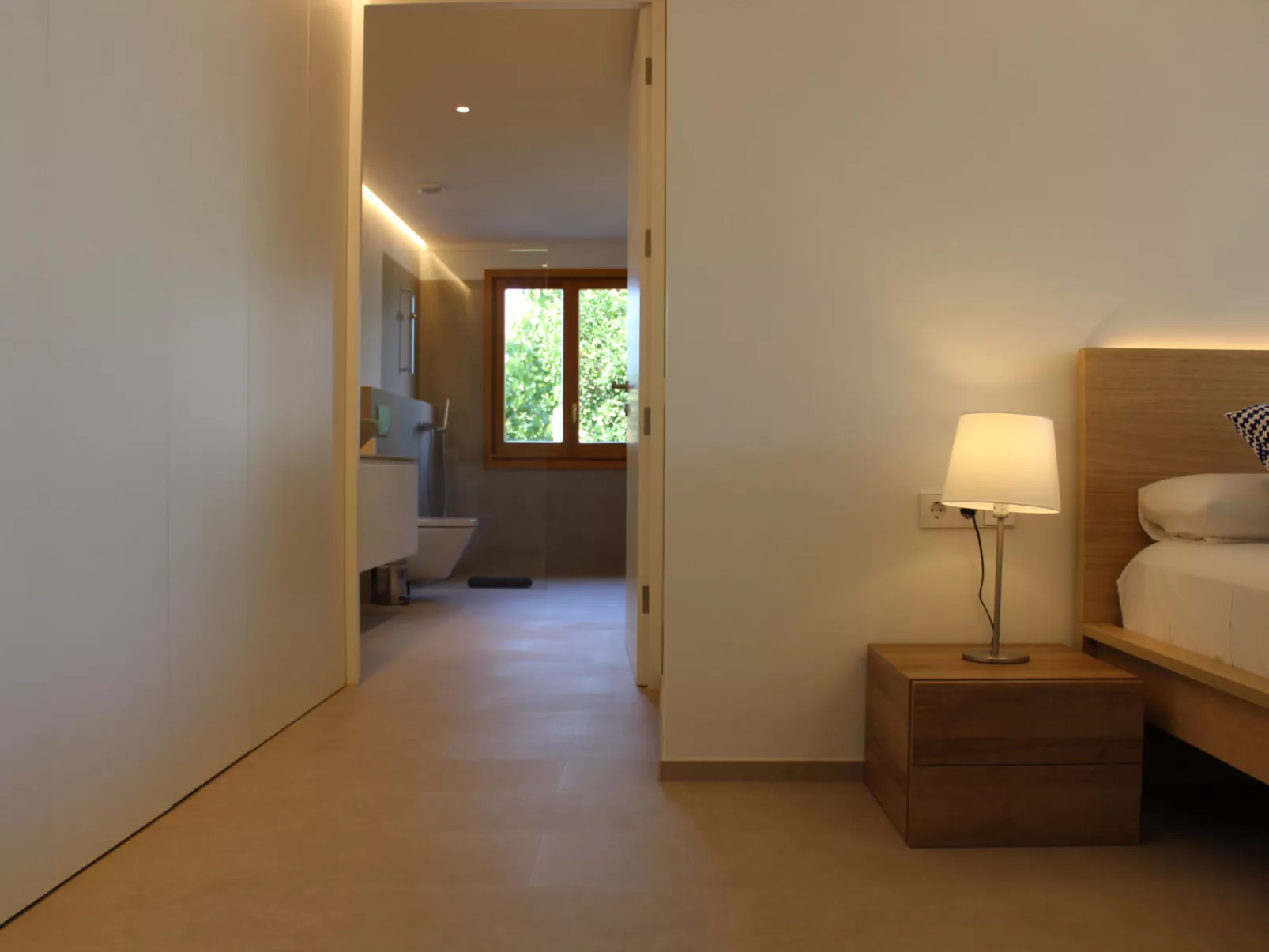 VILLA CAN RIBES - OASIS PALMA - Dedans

##############################

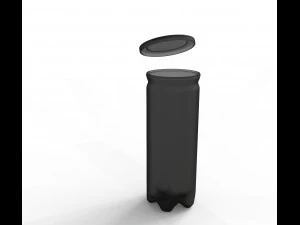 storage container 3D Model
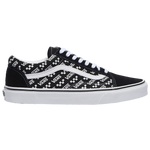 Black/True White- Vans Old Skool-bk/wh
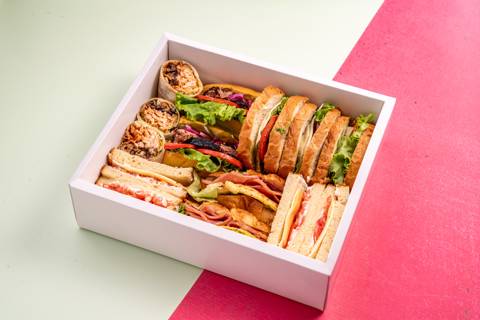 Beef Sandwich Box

##############################

• Task to carry out: Copy everything above from the line holding "Black/True White- Vans Old Skool-bk/wh" down to the line holding "Beef Sandwich Box", both ends included, exactly as it stands and without the pictures.

• Output:
 Black/True White- Vans Old Skool-bk/wh
 Beef Sandwich Box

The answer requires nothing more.